"Tu będziemy zdecydowani". Tusk zabrał głos po spotkaniu z Dudą

"Tu będziemy zdecydowani". Tusk zabrał głos po spotkaniu z Dudą

Dodano: 
Donald Tusk, premier
Donald Tusk, premier Źródło: PAP / Leszek Szymański
Donald Tusk zabrał głos po spotkaniu z prezydentem Andrzejem Dudą. Premier mówił między innymi o kwestii praworządności.

W poniedziałek o godz. 11:00 odbyło się spotkanie prezydenta i premiera. Głównym tematem rozmowy była kwestia wojny na Ukrainie oraz bezpieczeństwa. Andrzej Duda oraz Donald Tusk rozmawiali również m.in. o sprawie przebywających w więzieniach skazanych politykach PiS – Macieju Wąsiku i Mariuszu Kamińskim.

Tusk: Przywrócimy ład prawny

Po spotkaniu premier Tusk wystąpił na konferencji prasowej. Dziennikarze zapytali m.in. o konflikt o media państwowe.

– Aby sprawnie rządzić trzeba mieć dobrą atmosferę. Konflikty polityczne, konflikty prawne, nie są w interesie ani Polski, ani rządu – powiedział Tusk, dodając, że chciałby pracować w warunkach spokoju.

– Jeszcze raz podkreślę, o tym mówiłem już w rozmowie z mediami. Nie ma mowy o tym, żeby w Polsce zalogował się podwójny system prawny. Powiedziałem prezydentowi, bez satysfakcji, pan prezydent ma swój udział od roku 2015 w dewastacji rządów prawa i ładu prawnego w Polsce. Przywracamy rządy prawa, rządy konstytucji – powiedział szef rządu.

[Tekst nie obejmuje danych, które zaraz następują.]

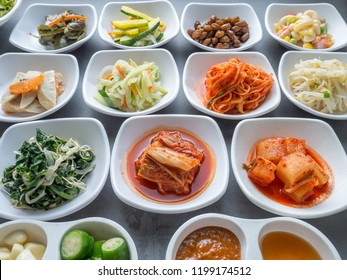 Set Of Slide Food In White Small Plate Serve In Korean Style Barbecue Restaurant, Many Kind Of Vegetable For Healthy Food. 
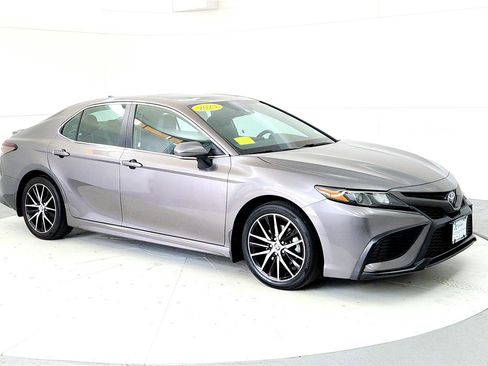 Certified 2023 Toyota Camry SE AWD/4WD image 7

– Ci, którzy stawiają opór, mówią, że eskalujemy napięcie. Ale to jest absurdalny zarzut. Jeśli przywracanie elementarnego obiektywizmu i przyzwoitości w mediach publicznych jest eskalacją napięcia, to by oznaczało (…) nasz obóz polityczny nie okupował TVP, kiedy Jacek Kurski zrobił z niej jedną z najbardziej ohydnych szczujni propagandowych w historii Europy. Jakoś nie było mowy, że jest eskalacja napięcia, ponieważ partie demokratyczne powstrzymywały się od tego typu akcji, jak okupacja budynków telewizji – mówił Tusk.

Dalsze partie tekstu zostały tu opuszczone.